What is Section 194D?

Section 194D of the Income Tax Act deals with the deduction of Tax Deducted at Source or TDS on insurance commissions. If someone is paying a resident any income in the form of insurance commission they are required to deduct a certain percentage of tax before making the payment. This deducted tax amount needs to be submitted to the government within the specified time frames.

This requirement comes into play when the total income paid or likely to be paid as insurance commission during the financial year exceeds ₹15,000. So, if the total commission paid or likely to be paid to a resident crosses this ₹15,000 threshold in a financial year, TDS needs to be deducted from it as per rates specified by Income Tax Act.

Who is Eligible for Section 194D of the Insurance Commission

If you're in India and you earn money through insurance related work there are rules about tax deductions. These rules mainly apply to two groups insurance agents and the companies they work for.

1. Who's Covered: These rules apply to Indian residents like regular people, families or HUF, companies and other taxpayers.

2. Types of Income Covered: If you earn money through:

  • Getting paid for your work like a salary or commission
  • Getting rewards or bonuses for bringing in insurance customers
  • Getting paid for keeping existing insurance policies going like renewals or revivals

3. Which Section Applies: If you're a resident in India and fall into one of the categories mentioned above, you'll look at Section 194D for tax deductions. But if you're paying a commission to someone who doesn't live in India then Section 195 comes into play.

4. Who's Involved

Insurance Agent: Any person living in India who gets paid for selling insurance or bringing in customers.

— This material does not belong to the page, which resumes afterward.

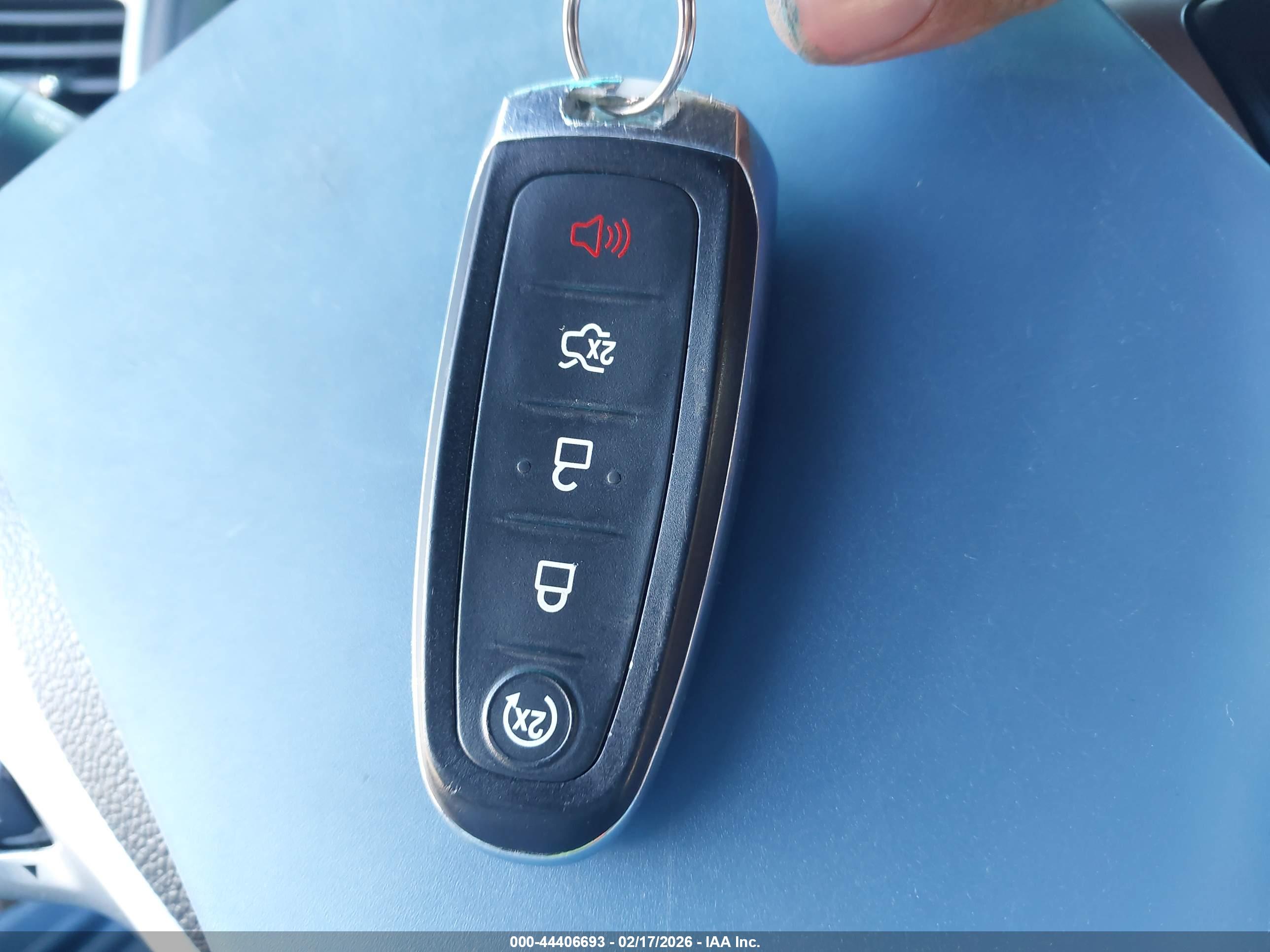 FORD EXPLORER image 11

Insurer: Company or organization that sells insurance. They pay commissions to the agents and they're responsible for deducting the taxes as per the rules mentioned.

What are the Time Limits of the Deduction of TDS for Section 194D?

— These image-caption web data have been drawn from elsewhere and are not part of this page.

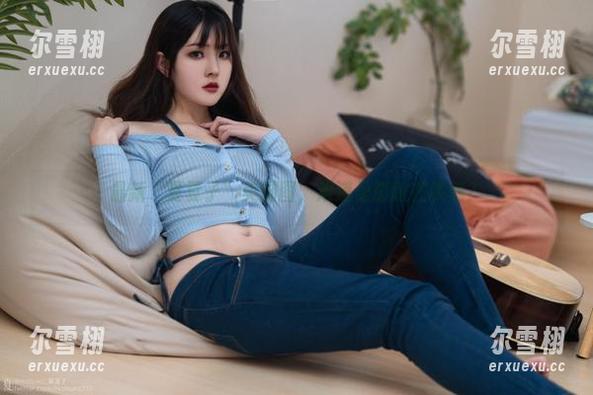 最新“夏夏子”美脚图，难道是脚趾在跳舞？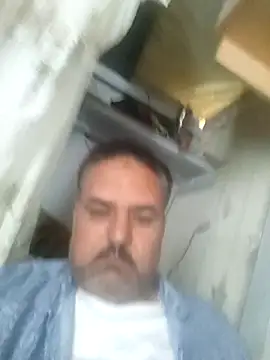 Snapshot of mM0140 chatting on May 13, 2026, 8:23 am mM0140 online show from May 13, 2026, 8:23 am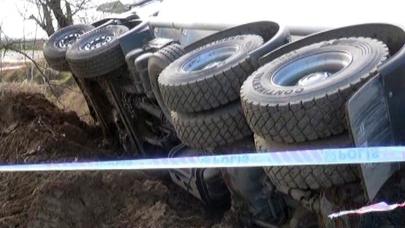 Salyanda ağır qəza: Yük və minik maşınları toqquşdu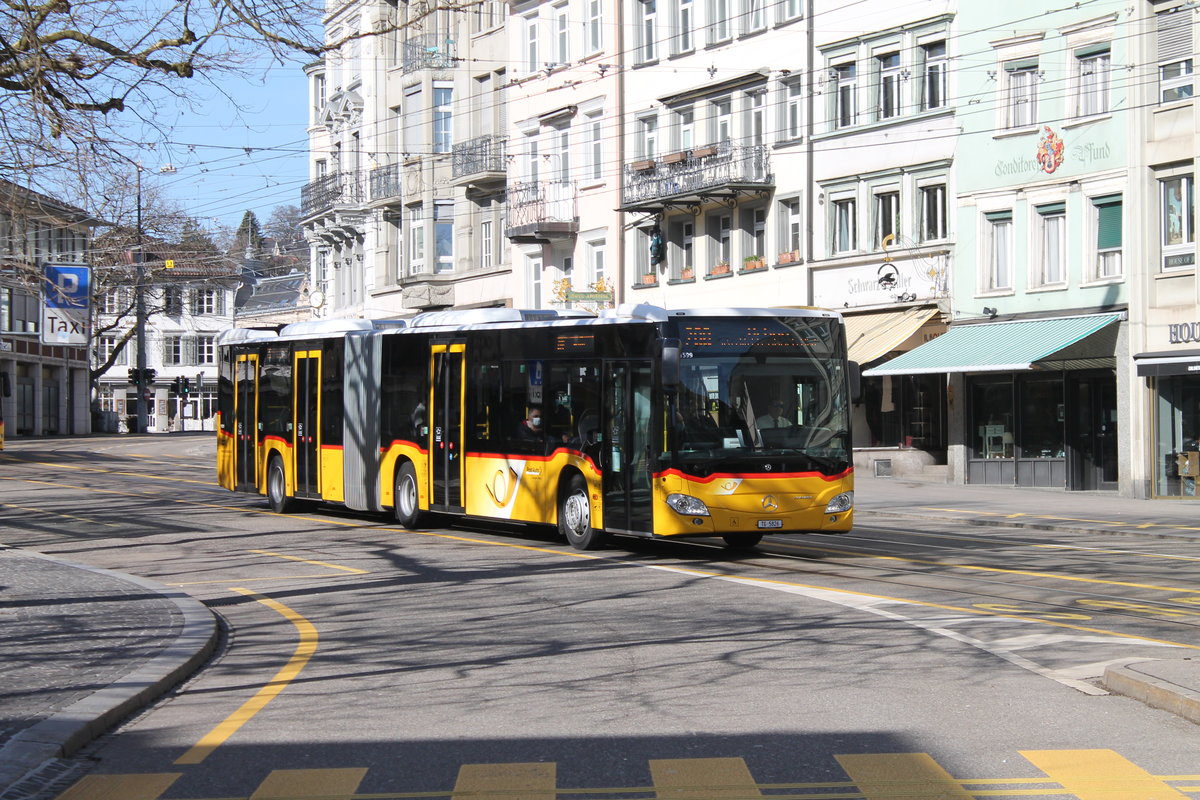 Postauto/PU Eurobus Nr. 16 (Mercedes Citaro C2 O530G) am 28.3.2021 in St.Gallen, Marktplatz. Mit diesem Citaro beschafft Eurobus nach 8 Jahren wieder einen Citaro und erstmals ein 4-türiger Gelenkbus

When someone is supposed to deduct TDS or Tax Deducted at Source they have to do it either when they credit the income to the account of the person they're paying or when they actually make the payment to that person, whichever happens first. So, if you're paying someone and you're required to deduct TDS, you need to do it either when you add the money to their account or when you hand over the payment to them depending on which one comes first.

Rate of TDS Deduction Under Section 194D

Section 194D applies to residents regardless of whether they are individuals, companies or any other category of people. It deals with the deduction of tax at source or TDS from insurance commission payments.

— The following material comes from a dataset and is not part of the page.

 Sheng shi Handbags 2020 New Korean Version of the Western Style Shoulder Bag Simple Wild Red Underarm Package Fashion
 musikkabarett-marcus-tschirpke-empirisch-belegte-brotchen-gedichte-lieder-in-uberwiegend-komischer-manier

TDS rates under Section 194D are as follows:

  • 5% for recipients who are not companies.
  • 10% for domestic companies.
  • 20% when the recipient does not provide their PAN or Permanent Account Number.

if you receive insurance commission payments and you're not a company 5% of the payment will be deducted as tax. If you're a domestic company 10% will be deducted. And if you fail to provide your PAN 20% will be deducted.

Form 13 and 15G

An agent can submit a Form 13 application to the assessment office to request permission to either not deduct Tax Deducted at Source to deduct it at a reduced rate. According to Section 206AA(4), if someone wants to apply for a certificate under Section 197 to avoid or reduce TDS, they need to provide their PAN number. Failure to provide a valid declaration results in TDS being deducted at a rate of 20%.

 Deductor must submit a copy of Form 15G to the Principal Commissioner or Commissioner. This form declares that the deductee's income is below the taxable limit thus TDS should not be deducted or should be deducted at a reduced rate. Deductor needs to ensure that the Form 15G declaration is submitted no later than the 7th day of the following month after receiving it.

The Penalty for Late Deduction Payment

When someone is supposed to deduct Tax Deducted at Source or TDS from a payment but forgets to do so, they have to pay interest on the amount from the day the TDS should have been deducted until the actual date of deduction. Interest rate is 1% per month.

TDS should have been deducted on January 1st but was actually deducted on February 15th, the deductor would need to pay interest on the TDS amount for that period.

The Exemptions under Section 10(10D)

Section 10(10D) of the Income Tax Act provides exemptions for certain amounts received under LIC policies. Here are the exemptions:

Any amount received under an LIC policy, including bonuses, is exempted from tax under section 10(10D). This exemption applies to:

  • Funds obtained under section 80DD(3) or 80DDA(3).
  • Cash received under a keyman insurance policy if the LIC policy was purchased between April 1, 2003 and March 31, 2012 and the premium exceeds 20% of the sum assured.
  • LIC policies purchased after April 1, 2012, where the premium payment exceeds 10% of the sum assured.
  • LIC policies purchased after April 1, 2013, with premiums exceeding 15% of the total sum assured for individuals with a handicap or severe disability as defined by section 80U, or for individuals with conditions covered by section 80DDB.
  • When claiming an exemption under section 10(10D), there's no upper limit on the amount as long as the criteria mentioned above are met.

If you receive money from an LIC policy and it falls under any of the specified categories mentioned above, you don't have to pay tax on that amount. The exemptions are based on when the policy was purchased and the premium paid in relation to the sum assured.


Section 194D of the Income Tax Act deals with deducting taxes from commissions or rewards earned for getting insurance business. This rule helps ensure that taxes are paid on time by taking a part of the commission payment to insurance agents right when it's paid out. Following this rule is crucial for both the people paying the commission or deductors and those receiving it or deductees.